Using primitive methods in the wilds

Ray Jardine

The debris hut shown above is one in which Jenny and I built and lived in for a week. This was during one of our wilderness excursions, this time in the North Cascades of Washington state.

On these type of trips we use debris huts in lieu of a quilt or sleeping bags. Basically it is the sleeping bag, having very thick walls made of natural materials to keep us warm. It is covered with bark shingles to shed the rain. The shingles are in turn covered with poles to prevent the wind from blowing them away.

When traveling between fixed camps, we slept in a bed of insulating oak leaves or other forest material.

What appears to be a sleeping bag around Jenny's shoulders is actually a small piece of buckskin. Note her feet sticking out of the leaves. When a person shifts during the night, the leaves are shoved out of position.

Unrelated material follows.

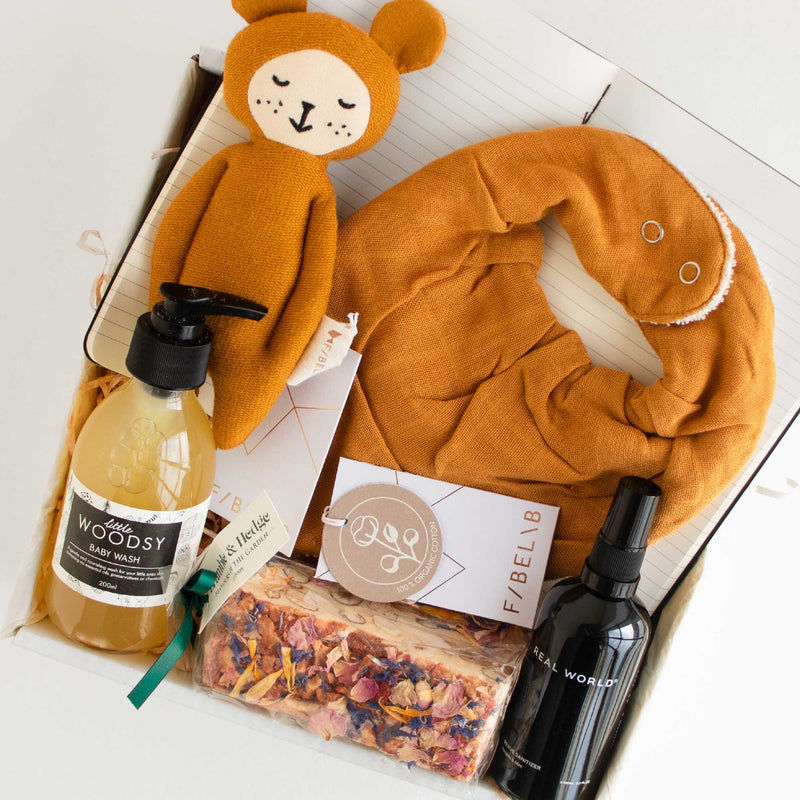 Little Bear Gift Box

We use this method only when traveling longer distances. typically we hike until late at night, then early the next morning we rise, disperse the leaves, and get moving again.

Tillering a self bow.

Here I am tillering a "self bow" made from a tree branch. The tillering process is done with a knife, either metal or stone, and insures that both arms of the bow pull evenly.

We have made several bows but use them only for target practice. We would not want to actually shoot an animal.

Roasting acorn meal

Natural cooking implements are very hard to come by in the wilds. Even a simple thing like boiling water can be difficult. Here, Jenny is roasting acorn meal on a hot rock.

Before discovering the many benefits of the raw lifestyle, we considered fire to be very important in our primitive outings. In winter we heated our home with a wood stove. So for two years running we lit the stove every morning and evening using the bow drill or hand drill.